Accessible Communications: VVI’s Dublin City reps were instrumental in getting Dublin City Council to acquire its own braille embosser so that it can communicate in a timely manner to its citizens who have braille as a preferred format. Thanks to Áine Wellard for her ongoing consultative work in perfecting the system. Visually impaired people use different forms of communication depending on individual preferences, and they all have equal validity.
Accessible Travel and Local Planning: In March, 2020, Gerry Shanahan became Tipperary PPN’s Social Inclusion representative on the Infrastructure Strategic Policy Committee of Tipperary County Council.

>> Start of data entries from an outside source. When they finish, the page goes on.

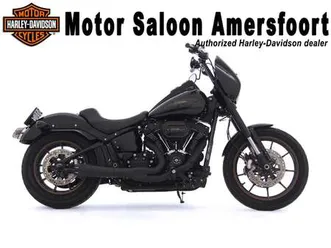 harley-davidson lowrider s fxlrs softail / lowrider zwart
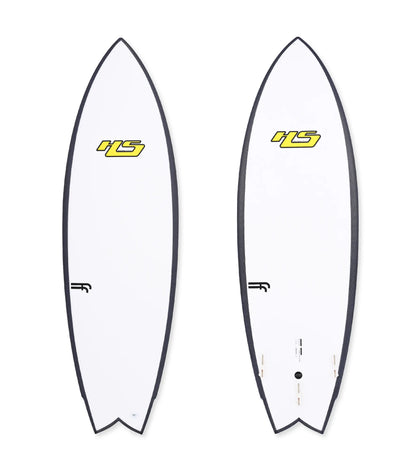 Haydenshapes Misc FF - FCS II - 2 + 1 Fin - Short Boards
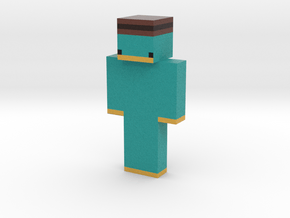 FuriousLeeBear | Minecraft toy in Natural Full Color Sandstone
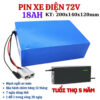 pin xe dap dien 72v 18A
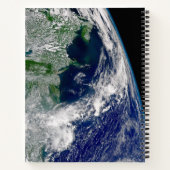 Carnet L'Ouragan Frances Sur Une Terre Partielle. (Dos)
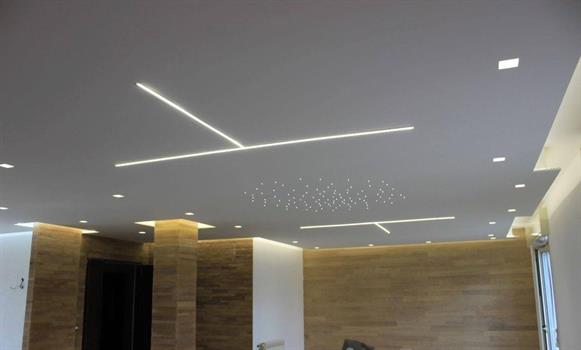 CIELO STELLATO 50 LED BIANCHI LUCE FREDDA + ALIMENTATORE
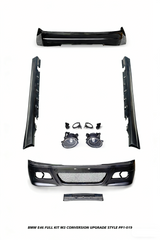 BMW 3 Series 330ci 325ci 320ci E46 1999 2000 2001 2002 2003 2004 2005 with Aftermarket Parts - M3 Conversion Upgrade Style Full kit PP Polypropylene from DuPont Tech
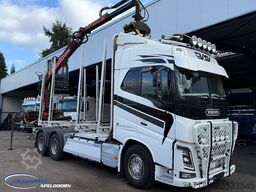 Volvo FH 650 6x4, FTG V1000X.81 Houtkraan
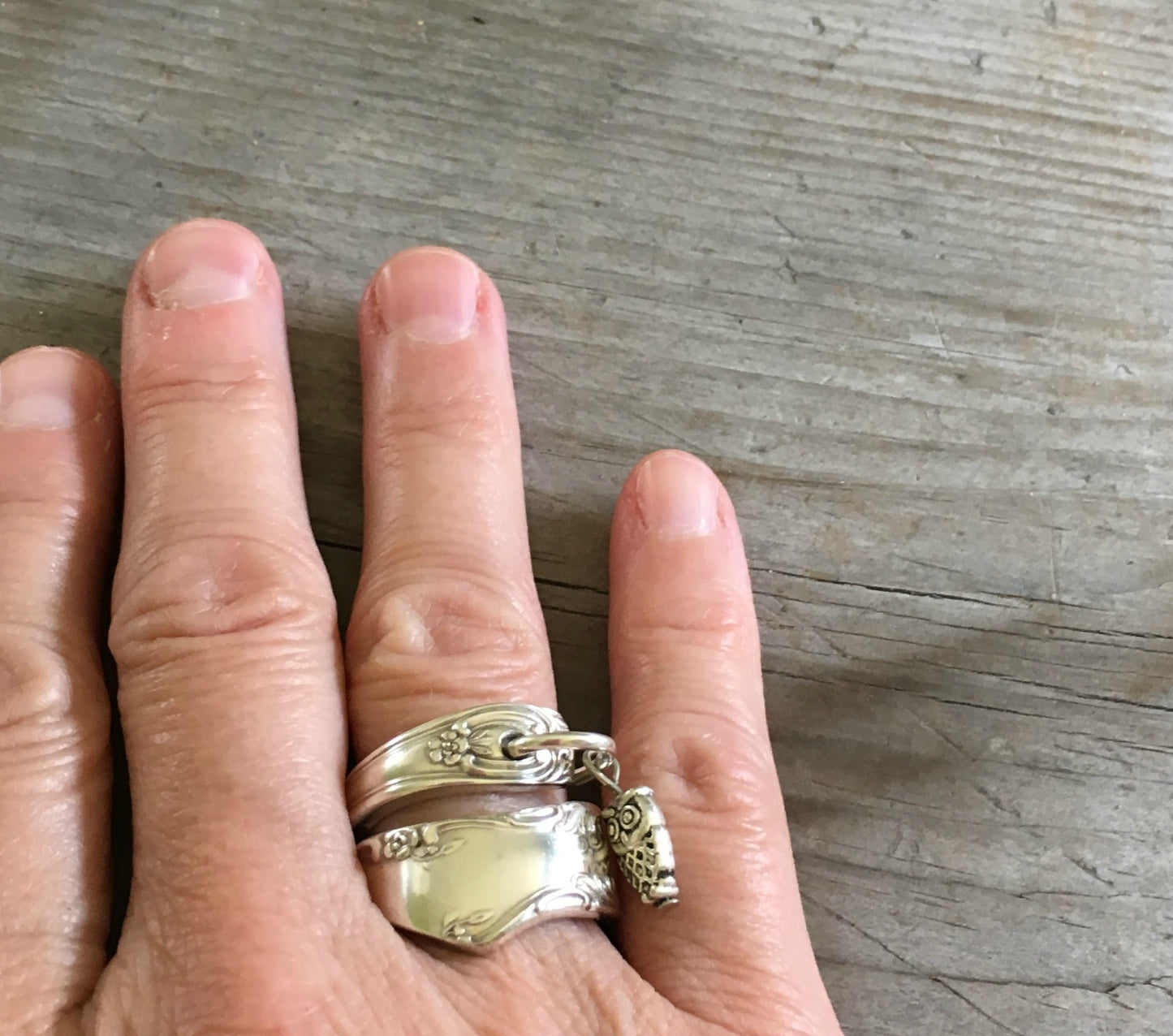 Spoon Ring - NEW ELEGANCE - #4054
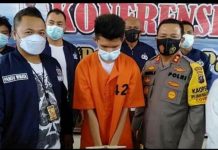 Penista agama dijerat dengan undang-undang ITE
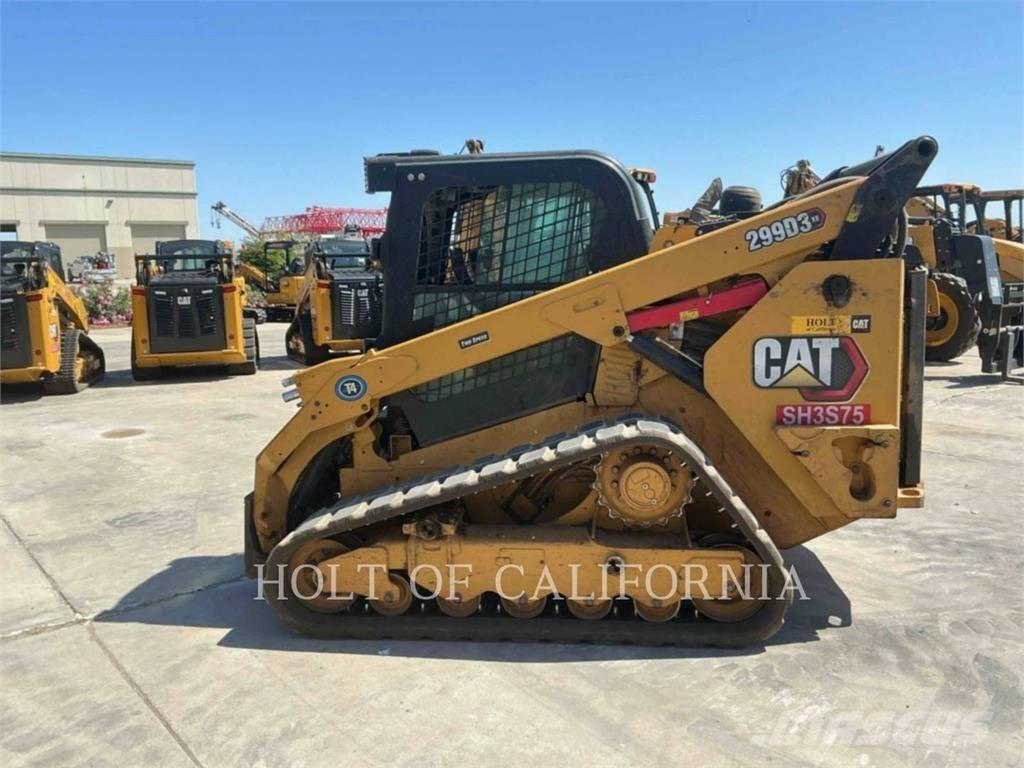CAT 299D3XE Laderaupen
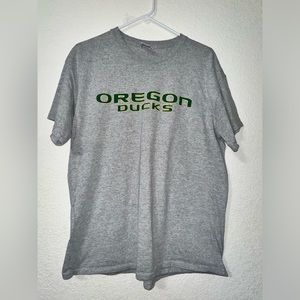 Oregon Ducks TLC Sportswear Mens L  T-Shirt Gray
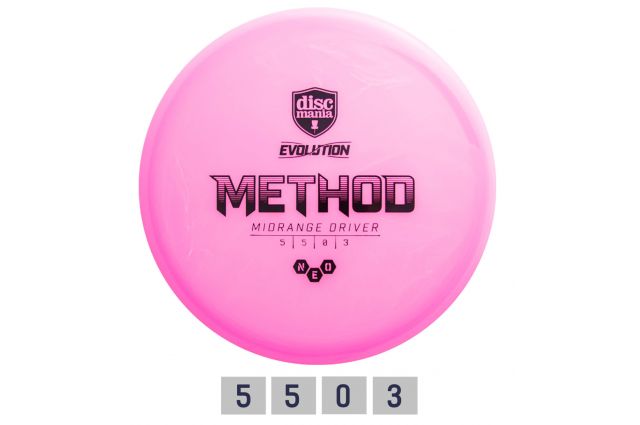 Dysk do disc golfu DISCMANIA NEO METHOD Evolution-P Dysk do disc golfu DISCMANIA NEO METHOD Evolution-P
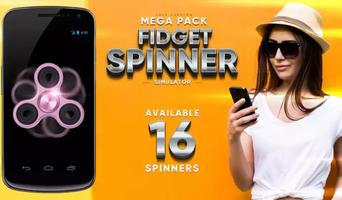 Fidget Spinner Pro - No Ads capture d'écran 1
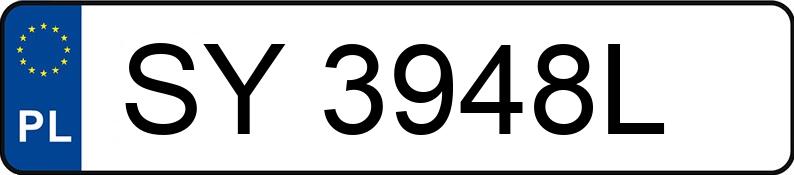 Numer rejestracyjny SY 3948L posiada RENAULT MASTER - SY3948L Numer rejestracyjny SY 3948L posiada RENAULT MASTER - SY3948L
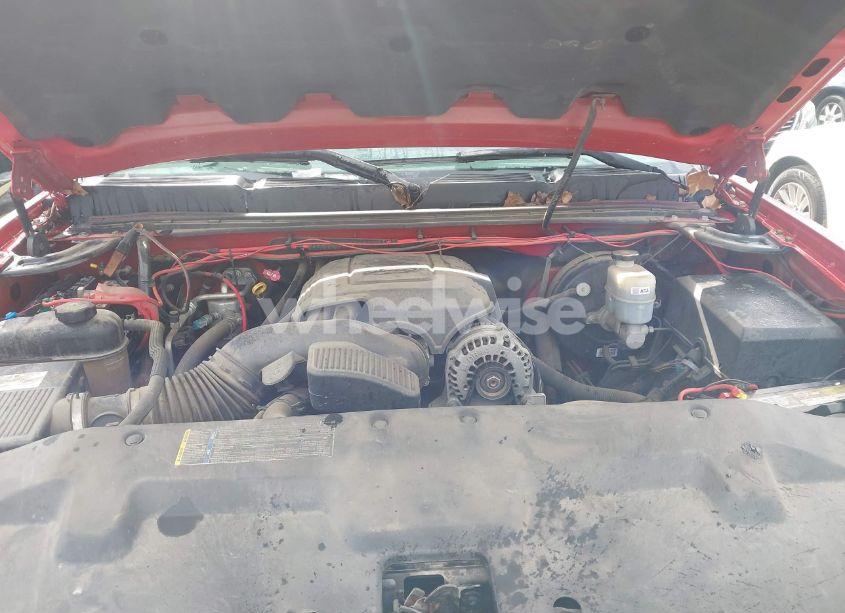 Photo 10 of 2008 Chevrolet Silverado 1500 LS (VIN 2GCEK13C781230856)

This brings to three, so far, the number of members VVI has sitting on Strategic Policy Committees, since we already have two in Dublin City: Áine Wellard represents the PPN’s Social Inclusion pillar on the Housing SPC, and Robbie Sinnott represents all pillars on the Planning and Urban Form SPC (both since September, 2019).
In February, Robbie Sinnott (VVI’s Co-ordinator), gave a guest-lecture at the Dept. of Sociology in Trinity College Dublin, on Disabled Peoples Organizations and the social model of disability. Thanks to Edurne Garcia for facilitating this engagement with her Third Year module class.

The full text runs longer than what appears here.